:: Work required ::
Please give again, word for word, each line that falls between the line with "Hofgut Husten-Mix Bonbon-Mischung" and the end of the data, inclusive.

:: Extracted material ::
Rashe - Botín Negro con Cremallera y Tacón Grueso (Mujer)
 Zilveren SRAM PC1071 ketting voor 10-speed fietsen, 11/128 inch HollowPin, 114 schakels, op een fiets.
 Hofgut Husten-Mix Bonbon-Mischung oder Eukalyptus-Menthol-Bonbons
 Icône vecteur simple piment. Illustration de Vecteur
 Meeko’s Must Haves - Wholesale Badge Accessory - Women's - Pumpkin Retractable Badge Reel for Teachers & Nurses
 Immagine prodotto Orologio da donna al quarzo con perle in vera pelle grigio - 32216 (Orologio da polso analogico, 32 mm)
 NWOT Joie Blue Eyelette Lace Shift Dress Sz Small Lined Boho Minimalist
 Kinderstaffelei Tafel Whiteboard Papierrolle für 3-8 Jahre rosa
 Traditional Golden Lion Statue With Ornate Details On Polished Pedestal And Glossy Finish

:: Solution to this problem ::
 Hofgut Husten-Mix Bonbon-Mischung oder Eukalyptus-Menthol-Bonbons
 Icône vecteur simple piment. Illustration de Vecteur
 Meeko’s Must Haves - Wholesale Badge Accessory - Women's - Pumpkin Retractable Badge Reel for Teachers & Nurses
 Immagine prodotto Orologio da donna al quarzo con perle in vera pelle grigio - 32216 (Orologio da polso analogico, 32 mm)
 NWOT Joie Blue Eyelette Lace Shift Dress Sz Small Lined Boho Minimalist
 Kinderstaffelei Tafel Whiteboard Papierrolle für 3-8 Jahre rosa
 Traditional Golden Lion Statue With Ornate Details On Polished Pedestal And Glossy Finish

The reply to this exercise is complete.